The implementation of Agenda 2030 will be assisted by strong and continued engagement and support by broad partnerships of stakeholders. This will help to keep decision-makers focused on implementation, and to encourage the individual and collective behaviours that will move societies towards sustainable development.

Civil society and citizen participation and engagement featured prominently in the processes leading up to the finalisation of the SDGs. The UN’s MY World global survey drew more than 8.5 million responses from individuals on priorities for the new Agenda.
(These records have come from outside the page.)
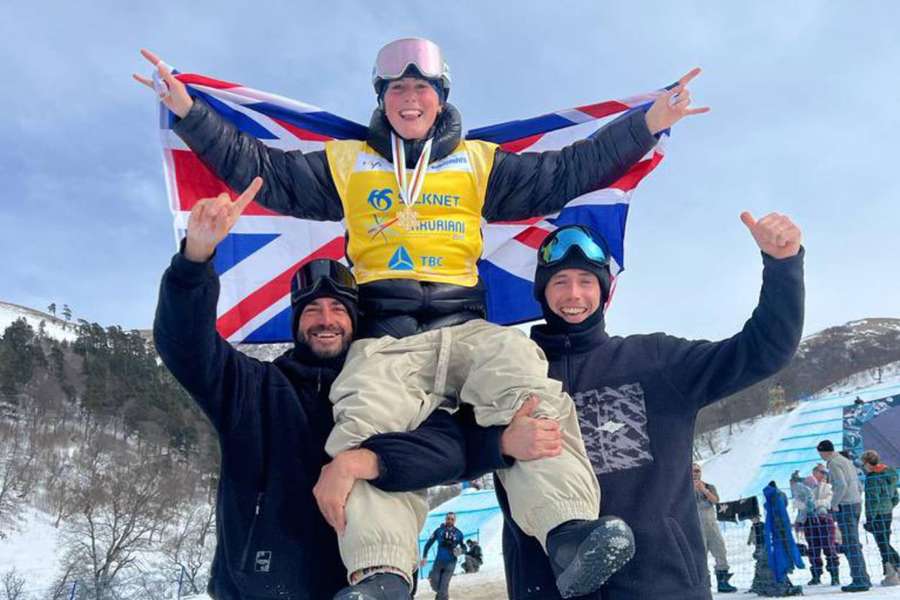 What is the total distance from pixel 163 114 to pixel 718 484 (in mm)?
28851

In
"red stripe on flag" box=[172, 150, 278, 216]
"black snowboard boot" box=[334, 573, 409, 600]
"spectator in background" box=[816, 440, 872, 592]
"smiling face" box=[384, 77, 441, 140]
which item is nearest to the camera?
"black snowboard boot" box=[334, 573, 409, 600]

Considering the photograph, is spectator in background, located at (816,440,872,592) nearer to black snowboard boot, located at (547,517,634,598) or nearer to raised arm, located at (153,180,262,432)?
black snowboard boot, located at (547,517,634,598)

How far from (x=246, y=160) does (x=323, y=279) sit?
0.64m

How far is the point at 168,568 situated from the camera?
1470 inches

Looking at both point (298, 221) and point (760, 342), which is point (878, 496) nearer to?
point (760, 342)

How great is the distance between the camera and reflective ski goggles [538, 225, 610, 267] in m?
2.77

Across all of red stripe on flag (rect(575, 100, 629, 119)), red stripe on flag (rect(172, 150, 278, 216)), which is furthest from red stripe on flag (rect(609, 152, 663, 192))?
red stripe on flag (rect(172, 150, 278, 216))

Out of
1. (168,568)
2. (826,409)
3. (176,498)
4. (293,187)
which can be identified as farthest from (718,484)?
(176,498)

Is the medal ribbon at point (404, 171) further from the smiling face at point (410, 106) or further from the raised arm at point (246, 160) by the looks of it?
the raised arm at point (246, 160)

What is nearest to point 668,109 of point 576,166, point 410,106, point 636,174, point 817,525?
point 576,166

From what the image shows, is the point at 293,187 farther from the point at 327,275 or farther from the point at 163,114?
the point at 163,114

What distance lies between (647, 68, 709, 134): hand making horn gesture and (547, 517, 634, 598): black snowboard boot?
1.77 metres

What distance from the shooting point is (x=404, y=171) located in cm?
288

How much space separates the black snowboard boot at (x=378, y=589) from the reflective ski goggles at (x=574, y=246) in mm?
1322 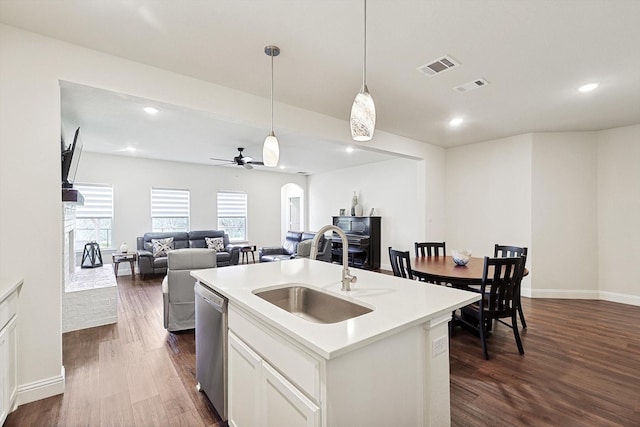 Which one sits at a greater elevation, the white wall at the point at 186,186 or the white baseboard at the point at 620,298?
the white wall at the point at 186,186

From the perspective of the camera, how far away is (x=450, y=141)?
5371 mm

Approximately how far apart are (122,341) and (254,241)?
568 centimetres

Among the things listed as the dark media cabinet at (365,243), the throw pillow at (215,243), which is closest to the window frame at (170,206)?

The successor to the UN Millennium Campaign, hosted by UNDP, will now play a strong role on national SDG advocacy and public engagement.10 The campaign will encourage broad stakeholder engagement with – and ownership of – the SDGs in every country, as well as citizen-driven processes to track progress.

2. Action
The SDGs promote coordinated action across the three dimensions of sustainable development: the economic, the social and the environmental. Actions in one area should be supportive of, or at least not detrimental to, desired outcomes in another. For example, investments in maintaining biodiversity or in climate change adaptation can advance other goals on poverty eradication, health, food security or job creation – if well designed. I recently witnessed this in Laos where an agro-biodiversity programme supported by UNDP, the GEF and the Food and Agriculture Organization (FAO) is promoting mushroom cultivation as a source of higher and more sustainable incomes than the traditional foraging for mushrooms in the forest. Both people and the forest ecosystem are better off as a result.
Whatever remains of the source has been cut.